When Cook returns to Pennsylvania and drops his truck at the terminal, he has to drive another 30 miles home to Snydersville, in Monroe County. Some people might consider that a few miles too many, but Cook seems to have a sort of Zen approach to driving. It doesn’t bore him or make him grind his teeth. He puts country and western music or oldies on the radio and hums placidly along the asphalt.
“You get bopping down the road and pretty soon, you’re where you’re supposed to be,” he said.
Which is not to say the beauty of the country is lost on him. He spoke warmly of his days passing through New Mexico and Arizona on cross-country runs, stopping at roadside stands to buy dreamcatchers and trinkets from Native American craftspeople.
Cook grew up in Belleville, New Jersey, where his father drove a tour bus, hauling Vaughn Monroe and other stars of the 1940s from show to show.
He could be gone for ages at a time. Sometimes, Cook would wake in the morning and see the bus outside. Father and son would enjoy a brief reunion.
“He’d give me a ride to school on the bus and I wouldn’t see him again for six months,” he said.
Cook drove a factory truck for a while after high school. His first job as a tractor-trailer driver was with Roadway Corp. Yellow Transportation acquired Roadway and the merged companies became YRC Freight in 2009.
YRC in the process of reverting to Yellow Transportation again. Whatever the name, its star employee has driven surely and steadily into the record books.
His colleagues admire him. One, Danny Brown, a 37-year driving veteran, pulled in to the terminal as Cook was having his picture taken and paused to watch.

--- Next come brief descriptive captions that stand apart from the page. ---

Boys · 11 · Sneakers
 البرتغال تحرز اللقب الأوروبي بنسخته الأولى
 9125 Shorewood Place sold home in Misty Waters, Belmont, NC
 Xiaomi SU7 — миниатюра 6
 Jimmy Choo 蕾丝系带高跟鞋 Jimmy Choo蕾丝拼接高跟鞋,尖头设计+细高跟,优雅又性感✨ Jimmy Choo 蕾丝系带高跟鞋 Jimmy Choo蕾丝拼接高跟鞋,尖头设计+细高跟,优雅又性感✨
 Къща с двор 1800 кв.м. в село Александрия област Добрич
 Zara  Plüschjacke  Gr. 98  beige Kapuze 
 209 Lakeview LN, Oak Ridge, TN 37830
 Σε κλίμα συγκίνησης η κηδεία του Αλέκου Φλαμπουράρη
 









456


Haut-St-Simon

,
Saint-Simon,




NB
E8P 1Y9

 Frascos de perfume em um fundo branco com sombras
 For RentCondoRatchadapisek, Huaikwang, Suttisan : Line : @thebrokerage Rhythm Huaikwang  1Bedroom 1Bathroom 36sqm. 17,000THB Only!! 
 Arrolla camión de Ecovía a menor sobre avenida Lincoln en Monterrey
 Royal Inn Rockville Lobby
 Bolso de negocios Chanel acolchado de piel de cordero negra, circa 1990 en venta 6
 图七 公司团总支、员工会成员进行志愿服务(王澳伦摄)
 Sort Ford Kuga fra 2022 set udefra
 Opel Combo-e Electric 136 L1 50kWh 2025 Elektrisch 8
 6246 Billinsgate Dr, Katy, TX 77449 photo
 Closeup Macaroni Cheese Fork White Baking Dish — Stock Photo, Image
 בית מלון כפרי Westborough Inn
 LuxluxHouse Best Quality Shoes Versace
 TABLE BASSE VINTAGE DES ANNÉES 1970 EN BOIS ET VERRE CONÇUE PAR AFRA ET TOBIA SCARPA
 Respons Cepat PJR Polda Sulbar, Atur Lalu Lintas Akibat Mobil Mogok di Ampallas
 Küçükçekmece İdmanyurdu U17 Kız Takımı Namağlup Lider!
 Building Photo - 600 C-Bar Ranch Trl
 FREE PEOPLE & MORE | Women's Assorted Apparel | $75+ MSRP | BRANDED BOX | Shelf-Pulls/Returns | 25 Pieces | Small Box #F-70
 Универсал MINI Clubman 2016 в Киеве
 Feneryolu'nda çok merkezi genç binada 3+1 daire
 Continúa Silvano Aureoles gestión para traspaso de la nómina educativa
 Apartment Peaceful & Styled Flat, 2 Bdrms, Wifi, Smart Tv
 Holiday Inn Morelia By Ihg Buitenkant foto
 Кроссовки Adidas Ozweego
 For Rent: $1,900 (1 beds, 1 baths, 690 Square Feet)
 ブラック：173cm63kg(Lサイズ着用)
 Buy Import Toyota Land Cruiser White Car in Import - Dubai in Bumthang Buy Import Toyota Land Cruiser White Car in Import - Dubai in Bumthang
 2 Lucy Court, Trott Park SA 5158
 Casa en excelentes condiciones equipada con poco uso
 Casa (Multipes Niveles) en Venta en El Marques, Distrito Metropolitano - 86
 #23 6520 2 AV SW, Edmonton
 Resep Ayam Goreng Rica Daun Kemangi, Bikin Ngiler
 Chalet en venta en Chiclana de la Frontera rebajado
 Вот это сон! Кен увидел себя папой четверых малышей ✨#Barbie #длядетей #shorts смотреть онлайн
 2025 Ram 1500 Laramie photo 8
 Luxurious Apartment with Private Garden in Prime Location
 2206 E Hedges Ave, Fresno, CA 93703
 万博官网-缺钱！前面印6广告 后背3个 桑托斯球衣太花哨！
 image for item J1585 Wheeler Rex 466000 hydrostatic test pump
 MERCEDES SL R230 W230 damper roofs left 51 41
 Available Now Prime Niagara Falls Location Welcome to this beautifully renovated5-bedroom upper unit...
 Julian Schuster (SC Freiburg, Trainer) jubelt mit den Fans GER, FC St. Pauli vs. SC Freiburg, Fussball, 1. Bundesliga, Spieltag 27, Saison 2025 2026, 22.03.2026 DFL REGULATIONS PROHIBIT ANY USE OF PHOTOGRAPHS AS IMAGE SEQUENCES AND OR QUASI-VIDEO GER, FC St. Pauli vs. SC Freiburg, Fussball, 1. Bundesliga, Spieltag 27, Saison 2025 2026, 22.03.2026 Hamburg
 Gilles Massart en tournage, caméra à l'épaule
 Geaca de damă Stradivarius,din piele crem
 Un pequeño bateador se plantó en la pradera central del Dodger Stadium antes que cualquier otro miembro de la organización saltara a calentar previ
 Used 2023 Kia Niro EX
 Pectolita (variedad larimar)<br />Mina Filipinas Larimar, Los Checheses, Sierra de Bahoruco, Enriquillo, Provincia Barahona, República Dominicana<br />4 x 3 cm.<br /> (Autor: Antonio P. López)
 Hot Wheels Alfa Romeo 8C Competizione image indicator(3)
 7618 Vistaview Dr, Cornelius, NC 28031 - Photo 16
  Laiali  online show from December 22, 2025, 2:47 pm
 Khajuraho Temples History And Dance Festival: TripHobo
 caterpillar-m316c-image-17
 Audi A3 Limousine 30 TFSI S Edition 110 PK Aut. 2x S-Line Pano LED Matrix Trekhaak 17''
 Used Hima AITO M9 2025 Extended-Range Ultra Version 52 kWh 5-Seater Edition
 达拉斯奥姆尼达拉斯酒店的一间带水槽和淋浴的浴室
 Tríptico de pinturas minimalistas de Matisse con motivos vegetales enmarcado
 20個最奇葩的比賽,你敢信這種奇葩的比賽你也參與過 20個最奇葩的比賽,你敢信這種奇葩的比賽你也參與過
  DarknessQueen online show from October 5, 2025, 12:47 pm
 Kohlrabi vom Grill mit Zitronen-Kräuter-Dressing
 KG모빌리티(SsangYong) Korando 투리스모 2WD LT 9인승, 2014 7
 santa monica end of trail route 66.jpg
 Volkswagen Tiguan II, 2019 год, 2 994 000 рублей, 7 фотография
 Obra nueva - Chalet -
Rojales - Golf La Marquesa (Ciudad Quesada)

“He deserves it,” Brown said, noting how rarely drivers reach multimillion-mile thresholds without an accident.
“I got a million miles a while back,” he said. “I got a nice watch for that. I don’t think I’ll make another million.”
Cook probably won’t either, though it might not be wise to bet against him.
“I’m an old guy,” he said, “but when I sit behind that wheel, I’m 30 years old again.”